NOT RECOMMENDED FOR FULL-TEXT PUBLICATION
File Name: 08a0357n.06
Filed: June 20, 2008
Nos. 06-6158/06-6387
UNITED STATES COURT OF APPEALS
FOR THE SIXTH CIRCUIT
UNITED STATES OF AMERICA, )
)
Plaintiff-Appellee, )
)
v. )
)
TROY KIRBY ) ON APPEAL FROM THE UNITED
) STATES DISTRICT COURT FOR THE
and ) EASTERN DISTRICT OF KENTUCKY
)
JOHNNY LEE BULLOCK, )
)
Defendants-Appellants. )
)
)
Before: NORRIS, BATCHELDER, and GIBBONS, Circuit Judges.
JULIA SMITH GIBBONS, Circuit Judge. In 2002, a jury convicted Troy Kirby and
Johnny Lee Bullock of a number of charges involving the manufacture and distribution of
methamphetamine. Kirby was also found guilty of two firearms-possession charges. This court
affirmed Kirby’s and Bullock’s sentences in all respects but remanded for resentencing in light of
United States v. Booker, 543 U.S. 220 (2005). Following resentencing, Kirby and Bullock challenge
their sentences once again, and Kirby presents an ineffective assistance of counsel claim. For the
following reasons, we affirm the sentences of the district court and decline to review Kirby’s
ineffective assistance of counsel claim.
1
I.
In 2001, a grand jury indicted Troy Kirby and Johnny Lee Bullock, along with eight other
individuals, on a number of charges stemming from a conspiracy to manufacture and distribute
methamphetamine. Kirby and Bullock were tried jointly in early 2002.

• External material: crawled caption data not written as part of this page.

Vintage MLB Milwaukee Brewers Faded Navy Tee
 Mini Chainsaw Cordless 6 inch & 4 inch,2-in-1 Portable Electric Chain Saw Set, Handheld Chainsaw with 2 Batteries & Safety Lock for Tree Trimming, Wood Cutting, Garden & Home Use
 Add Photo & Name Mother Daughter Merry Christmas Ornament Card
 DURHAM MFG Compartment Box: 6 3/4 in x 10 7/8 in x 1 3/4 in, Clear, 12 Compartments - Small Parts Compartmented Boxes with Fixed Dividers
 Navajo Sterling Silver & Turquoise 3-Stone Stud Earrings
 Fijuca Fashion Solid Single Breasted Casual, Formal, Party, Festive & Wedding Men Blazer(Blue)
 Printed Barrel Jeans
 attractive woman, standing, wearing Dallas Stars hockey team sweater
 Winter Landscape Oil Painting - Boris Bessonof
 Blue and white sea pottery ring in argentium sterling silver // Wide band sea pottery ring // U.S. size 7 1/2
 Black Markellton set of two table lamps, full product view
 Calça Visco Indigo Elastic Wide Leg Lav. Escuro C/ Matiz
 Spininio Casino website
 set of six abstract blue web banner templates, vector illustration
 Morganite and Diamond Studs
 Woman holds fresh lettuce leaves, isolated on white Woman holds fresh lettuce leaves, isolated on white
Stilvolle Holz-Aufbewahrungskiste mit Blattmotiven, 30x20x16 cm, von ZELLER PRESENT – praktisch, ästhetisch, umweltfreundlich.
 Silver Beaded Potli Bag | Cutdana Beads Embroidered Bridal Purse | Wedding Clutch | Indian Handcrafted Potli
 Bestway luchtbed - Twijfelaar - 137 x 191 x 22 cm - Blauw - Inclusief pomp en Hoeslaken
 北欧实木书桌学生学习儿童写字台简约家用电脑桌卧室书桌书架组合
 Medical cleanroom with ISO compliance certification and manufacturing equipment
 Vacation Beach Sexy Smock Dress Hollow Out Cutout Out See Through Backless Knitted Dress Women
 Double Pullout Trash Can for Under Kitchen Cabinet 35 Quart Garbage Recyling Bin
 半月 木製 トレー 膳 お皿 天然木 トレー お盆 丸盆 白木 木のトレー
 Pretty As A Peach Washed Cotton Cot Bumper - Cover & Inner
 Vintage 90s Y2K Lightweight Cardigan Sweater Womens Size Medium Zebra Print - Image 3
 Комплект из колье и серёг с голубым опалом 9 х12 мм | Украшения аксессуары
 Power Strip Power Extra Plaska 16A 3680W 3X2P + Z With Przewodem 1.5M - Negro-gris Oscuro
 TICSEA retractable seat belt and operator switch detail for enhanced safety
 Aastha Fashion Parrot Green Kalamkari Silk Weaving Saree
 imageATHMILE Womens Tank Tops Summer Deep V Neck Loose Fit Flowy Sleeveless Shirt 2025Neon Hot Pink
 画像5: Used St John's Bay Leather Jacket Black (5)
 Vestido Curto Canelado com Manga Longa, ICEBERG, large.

The jury found Kirby guilty of the following offenses: (1) conspiracy to manufacture 50
grams or more of methamphetamine or 500 grams or more of a mixture containing a detectable
amount of methamphetamine, in violation of 21 U.S.C. § 846; (2) conspiracy to possess with intent
to distribute 50 grams or more of methamphetamine or 500 grams or more of a mixture containing
a detectable amount of methamphetamine, in violation of 21 U.S.C. § 846; (3) two counts of aiding
and abetting another in an attempt to manufacture 50 grams or more of methamphetamine or 500
grams or more of a mixture containing a detectable amount of methamphetamine, in violation of 21
U.S.C. § 846; (4) being a felon in possession of firearms, in violation of 18 U.S.C. § 922(g)(1); and
(5) possession of an unregistered firearm, in violation of 26 U.S.C. § 5861(d). Bullock was found
guilty of conspiracy to possess with intent to distribute 5 to 50 grams of methamphetamine or 50 to
500 grams of a mixture containing a detectable amount of methamphetamine, in violation of 21
U.S.C. § 846, as well as three counts of possession with intent to distribute 5 to 50 grams of
methamphetamine or 50 to 500 grams of a mixture containing a detectable amount of
methamphetamine, in violation of 21 U.S.C. § 841(a)(1).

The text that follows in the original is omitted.